- Task
Return each of the entries below precisely as it appears.

Data for this exercise below:

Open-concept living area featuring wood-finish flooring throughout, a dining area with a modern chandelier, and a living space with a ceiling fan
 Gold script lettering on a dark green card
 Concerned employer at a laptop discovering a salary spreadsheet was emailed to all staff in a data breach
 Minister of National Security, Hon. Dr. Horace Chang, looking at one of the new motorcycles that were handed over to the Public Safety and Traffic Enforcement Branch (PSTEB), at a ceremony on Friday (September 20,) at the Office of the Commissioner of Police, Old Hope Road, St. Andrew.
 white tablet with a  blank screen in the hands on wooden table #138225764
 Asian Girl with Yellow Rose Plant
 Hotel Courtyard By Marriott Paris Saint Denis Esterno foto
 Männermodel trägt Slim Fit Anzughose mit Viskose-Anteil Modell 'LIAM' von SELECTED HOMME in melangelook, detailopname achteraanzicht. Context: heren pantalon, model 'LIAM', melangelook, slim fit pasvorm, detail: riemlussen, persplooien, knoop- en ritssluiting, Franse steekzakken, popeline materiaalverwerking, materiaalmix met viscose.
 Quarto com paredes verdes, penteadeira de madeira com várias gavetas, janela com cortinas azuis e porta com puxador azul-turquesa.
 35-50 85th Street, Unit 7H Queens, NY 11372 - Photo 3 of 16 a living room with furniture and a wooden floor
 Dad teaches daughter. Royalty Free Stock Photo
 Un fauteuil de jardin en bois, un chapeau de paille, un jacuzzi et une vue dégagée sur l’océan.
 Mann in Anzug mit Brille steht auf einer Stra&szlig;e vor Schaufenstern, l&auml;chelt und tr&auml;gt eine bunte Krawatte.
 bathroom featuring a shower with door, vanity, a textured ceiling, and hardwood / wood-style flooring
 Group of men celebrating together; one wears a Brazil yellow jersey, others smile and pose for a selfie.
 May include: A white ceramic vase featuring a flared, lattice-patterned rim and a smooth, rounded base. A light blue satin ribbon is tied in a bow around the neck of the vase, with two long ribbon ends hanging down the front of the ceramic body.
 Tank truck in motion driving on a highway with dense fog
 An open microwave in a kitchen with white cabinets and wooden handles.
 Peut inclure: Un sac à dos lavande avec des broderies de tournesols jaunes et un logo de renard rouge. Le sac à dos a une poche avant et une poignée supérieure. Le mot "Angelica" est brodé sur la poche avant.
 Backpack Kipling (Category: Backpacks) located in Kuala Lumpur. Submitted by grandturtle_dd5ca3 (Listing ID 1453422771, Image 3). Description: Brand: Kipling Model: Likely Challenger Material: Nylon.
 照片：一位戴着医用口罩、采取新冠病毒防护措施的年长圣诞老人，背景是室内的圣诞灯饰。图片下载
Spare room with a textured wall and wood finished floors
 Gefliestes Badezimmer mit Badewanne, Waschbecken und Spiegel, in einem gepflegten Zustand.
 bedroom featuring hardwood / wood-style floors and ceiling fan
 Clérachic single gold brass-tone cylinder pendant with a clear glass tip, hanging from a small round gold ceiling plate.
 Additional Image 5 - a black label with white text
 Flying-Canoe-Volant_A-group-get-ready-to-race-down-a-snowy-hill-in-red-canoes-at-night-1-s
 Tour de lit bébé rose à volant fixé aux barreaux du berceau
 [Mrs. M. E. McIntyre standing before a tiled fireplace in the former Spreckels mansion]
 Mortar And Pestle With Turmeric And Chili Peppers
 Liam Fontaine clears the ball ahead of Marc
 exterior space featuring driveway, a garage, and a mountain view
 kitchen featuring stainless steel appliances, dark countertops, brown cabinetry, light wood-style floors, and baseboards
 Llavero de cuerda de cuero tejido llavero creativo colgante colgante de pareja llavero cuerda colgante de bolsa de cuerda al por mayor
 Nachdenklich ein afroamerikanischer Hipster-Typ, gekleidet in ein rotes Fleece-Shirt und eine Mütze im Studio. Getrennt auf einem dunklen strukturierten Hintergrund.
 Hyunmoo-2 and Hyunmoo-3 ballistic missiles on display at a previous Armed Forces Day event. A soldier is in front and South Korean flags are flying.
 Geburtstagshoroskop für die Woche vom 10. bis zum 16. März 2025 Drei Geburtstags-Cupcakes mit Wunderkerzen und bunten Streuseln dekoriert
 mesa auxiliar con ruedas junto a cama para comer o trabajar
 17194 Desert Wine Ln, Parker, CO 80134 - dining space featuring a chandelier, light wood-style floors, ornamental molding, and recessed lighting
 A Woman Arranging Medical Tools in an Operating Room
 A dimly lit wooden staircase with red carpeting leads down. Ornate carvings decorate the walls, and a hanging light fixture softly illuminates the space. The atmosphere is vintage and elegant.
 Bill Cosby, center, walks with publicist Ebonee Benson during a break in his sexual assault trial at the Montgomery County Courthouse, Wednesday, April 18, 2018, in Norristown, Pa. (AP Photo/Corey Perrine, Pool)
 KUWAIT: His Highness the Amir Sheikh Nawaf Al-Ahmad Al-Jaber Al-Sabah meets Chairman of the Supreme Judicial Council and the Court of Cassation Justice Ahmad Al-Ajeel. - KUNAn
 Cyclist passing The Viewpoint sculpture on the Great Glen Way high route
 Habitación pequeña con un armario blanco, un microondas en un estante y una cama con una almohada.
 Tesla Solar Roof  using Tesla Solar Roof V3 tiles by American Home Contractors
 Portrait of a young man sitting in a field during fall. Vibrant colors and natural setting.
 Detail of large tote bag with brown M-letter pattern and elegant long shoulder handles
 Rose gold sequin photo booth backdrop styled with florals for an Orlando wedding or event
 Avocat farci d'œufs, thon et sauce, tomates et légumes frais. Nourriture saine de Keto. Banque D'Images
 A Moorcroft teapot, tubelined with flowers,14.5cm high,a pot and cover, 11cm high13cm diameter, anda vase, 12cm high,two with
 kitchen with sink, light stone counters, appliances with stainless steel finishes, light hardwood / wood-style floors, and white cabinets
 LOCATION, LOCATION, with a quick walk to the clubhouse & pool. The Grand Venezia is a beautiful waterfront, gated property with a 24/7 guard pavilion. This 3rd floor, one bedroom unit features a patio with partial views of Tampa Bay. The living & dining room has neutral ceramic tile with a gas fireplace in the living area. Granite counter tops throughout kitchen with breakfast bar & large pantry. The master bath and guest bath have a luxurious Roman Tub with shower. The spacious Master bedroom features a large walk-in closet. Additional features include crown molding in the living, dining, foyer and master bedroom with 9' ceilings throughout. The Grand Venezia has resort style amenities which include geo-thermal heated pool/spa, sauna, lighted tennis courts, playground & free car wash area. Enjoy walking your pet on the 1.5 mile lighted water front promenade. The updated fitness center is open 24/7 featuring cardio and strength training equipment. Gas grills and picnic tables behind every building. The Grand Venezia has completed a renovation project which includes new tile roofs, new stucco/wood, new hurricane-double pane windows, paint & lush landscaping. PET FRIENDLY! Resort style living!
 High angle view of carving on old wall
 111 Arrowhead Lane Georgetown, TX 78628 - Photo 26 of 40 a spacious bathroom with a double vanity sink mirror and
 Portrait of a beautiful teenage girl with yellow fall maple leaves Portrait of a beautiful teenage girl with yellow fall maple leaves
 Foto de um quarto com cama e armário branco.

End of Data for this exercise.

- Reply
Open-concept living area featuring wood-finish flooring throughout, a dining area with a modern chandelier, and a living space with a ceiling fan
 Gold script lettering on a dark green card
 Concerned employer at a laptop discovering a salary spreadsheet was emailed to all staff in a data breach
 Minister of National Security, Hon. Dr. Horace Chang, looking at one of the new motorcycles that were handed over to the Public Safety and Traffic Enforcement Branch (PSTEB), at a ceremony on Friday (September 20,) at the Office of the Commissioner of Police, Old Hope Road, St. Andrew.
 white tablet with a  blank screen in the hands on wooden table #138225764
 Asian Girl with Yellow Rose Plant
 Hotel Courtyard By Marriott Paris Saint Denis Esterno foto
 Männermodel trägt Slim Fit Anzughose mit Viskose-Anteil Modell 'LIAM' von SELECTED HOMME in melangelook, detailopname achteraanzicht. Context: heren pantalon, model 'LIAM', melangelook, slim fit pasvorm, detail: riemlussen, persplooien, knoop- en ritssluiting, Franse steekzakken, popeline materiaalverwerking, materiaalmix met viscose.
 Quarto com paredes verdes, penteadeira de madeira com várias gavetas, janela com cortinas azuis e porta com puxador azul-turquesa.
 35-50 85th Street, Unit 7H Queens, NY 11372 - Photo 3 of 16 a living room with furniture and a wooden floor
 Dad teaches daughter. Royalty Free Stock Photo
 Un fauteuil de jardin en bois, un chapeau de paille, un jacuzzi et une vue dégagée sur l’océan.
 Mann in Anzug mit Brille steht auf einer Stra&szlig;e vor Schaufenstern, l&auml;chelt und tr&auml;gt eine bunte Krawatte.
 bathroom featuring a shower with door, vanity, a textured ceiling, and hardwood / wood-style flooring
 Group of men celebrating together; one wears a Brazil yellow jersey, others smile and pose for a selfie.
 May include: A white ceramic vase featuring a flared, lattice-patterned rim and a smooth, rounded base. A light blue satin ribbon is tied in a bow around the neck of the vase, with two long ribbon ends hanging down the front of the ceramic body.
 Tank truck in motion driving on a highway with dense fog
 An open microwave in a kitchen with white cabinets and wooden handles.
 Peut inclure: Un sac à dos lavande avec des broderies de tournesols jaunes et un logo de renard rouge. Le sac à dos a une poche avant et une poignée supérieure. Le mot "Angelica" est brodé sur la poche avant.
 Backpack Kipling (Category: Backpacks) located in Kuala Lumpur. Submitted by grandturtle_dd5ca3 (Listing ID 1453422771, Image 3). Description: Brand: Kipling Model: Likely Challenger Material: Nylon.
 照片：一位戴着医用口罩、采取新冠病毒防护措施的年长圣诞老人，背景是室内的圣诞灯饰。图片下载
Spare room with a textured wall and wood finished floors
 Gefliestes Badezimmer mit Badewanne, Waschbecken und Spiegel, in einem gepflegten Zustand.
 bedroom featuring hardwood / wood-style floors and ceiling fan
 Clérachic single gold brass-tone cylinder pendant with a clear glass tip, hanging from a small round gold ceiling plate.
 Additional Image 5 - a black label with white text
 Flying-Canoe-Volant_A-group-get-ready-to-race-down-a-snowy-hill-in-red-canoes-at-night-1-s
 Tour de lit bébé rose à volant fixé aux barreaux du berceau
 [Mrs. M. E. McIntyre standing before a tiled fireplace in the former Spreckels mansion]
 Mortar And Pestle With Turmeric And Chili Peppers
 Liam Fontaine clears the ball ahead of Marc
 exterior space featuring driveway, a garage, and a mountain view
 kitchen featuring stainless steel appliances, dark countertops, brown cabinetry, light wood-style floors, and baseboards
 Llavero de cuerda de cuero tejido llavero creativo colgante colgante de pareja llavero cuerda colgante de bolsa de cuerda al por mayor
 Nachdenklich ein afroamerikanischer Hipster-Typ, gekleidet in ein rotes Fleece-Shirt und eine Mütze im Studio. Getrennt auf einem dunklen strukturierten Hintergrund.
 Hyunmoo-2 and Hyunmoo-3 ballistic missiles on display at a previous Armed Forces Day event. A soldier is in front and South Korean flags are flying.
 Geburtstagshoroskop für die Woche vom 10. bis zum 16. März 2025 Drei Geburtstags-Cupcakes mit Wunderkerzen und bunten Streuseln dekoriert
 mesa auxiliar con ruedas junto a cama para comer o trabajar
 17194 Desert Wine Ln, Parker, CO 80134 - dining space featuring a chandelier, light wood-style floors, ornamental molding, and recessed lighting
 A Woman Arranging Medical Tools in an Operating Room
 A dimly lit wooden staircase with red carpeting leads down. Ornate carvings decorate the walls, and a hanging light fixture softly illuminates the space. The atmosphere is vintage and elegant.
 Bill Cosby, center, walks with publicist Ebonee Benson during a break in his sexual assault trial at the Montgomery County Courthouse, Wednesday, April 18, 2018, in Norristown, Pa. (AP Photo/Corey Perrine, Pool)
 KUWAIT: His Highness the Amir Sheikh Nawaf Al-Ahmad Al-Jaber Al-Sabah meets Chairman of the Supreme Judicial Council and the Court of Cassation Justice Ahmad Al-Ajeel. - KUNAn
 Cyclist passing The Viewpoint sculpture on the Great Glen Way high route
 Habitación pequeña con un armario blanco, un microondas en un estante y una cama con una almohada.
 Tesla Solar Roof  using Tesla Solar Roof V3 tiles by American Home Contractors
 Portrait of a young man sitting in a field during fall. Vibrant colors and natural setting.
 Detail of large tote bag with brown M-letter pattern and elegant long shoulder handles
 Rose gold sequin photo booth backdrop styled with florals for an Orlando wedding or event
 Avocat farci d'œufs, thon et sauce, tomates et légumes frais. Nourriture saine de Keto. Banque D'Images
 A Moorcroft teapot, tubelined with flowers,14.5cm high,a pot and cover, 11cm high13cm diameter, anda vase, 12cm high,two with
 kitchen with sink, light stone counters, appliances with stainless steel finishes, light hardwood / wood-style floors, and white cabinets
 LOCATION, LOCATION, with a quick walk to the clubhouse & pool. The Grand Venezia is a beautiful waterfront, gated property with a 24/7 guard pavilion. This 3rd floor, one bedroom unit features a patio with partial views of Tampa Bay. The living & dining room has neutral ceramic tile with a gas fireplace in the living area. Granite counter tops throughout kitchen with breakfast bar & large pantry. The master bath and guest bath have a luxurious Roman Tub with shower. The spacious Master bedroom features a large walk-in closet. Additional features include crown molding in the living, dining, foyer and master bedroom with 9' ceilings throughout. The Grand Venezia has resort style amenities which include geo-thermal heated pool/spa, sauna, lighted tennis courts, playground & free car wash area. Enjoy walking your pet on the 1.5 mile lighted water front promenade. The updated fitness center is open 24/7 featuring cardio and strength training equipment. Gas grills and picnic tables behind every building. The Grand Venezia has completed a renovation project which includes new tile roofs, new stucco/wood, new hurricane-double pane windows, paint & lush landscaping. PET FRIENDLY! Resort style living!
 High angle view of carving on old wall
 111 Arrowhead Lane Georgetown, TX 78628 - Photo 26 of 40 a spacious bathroom with a double vanity sink mirror and
 Portrait of a beautiful teenage girl with yellow fall maple leaves Portrait of a beautiful teenage girl with yellow fall maple leaves
 Foto de um quarto com cama e armário branco.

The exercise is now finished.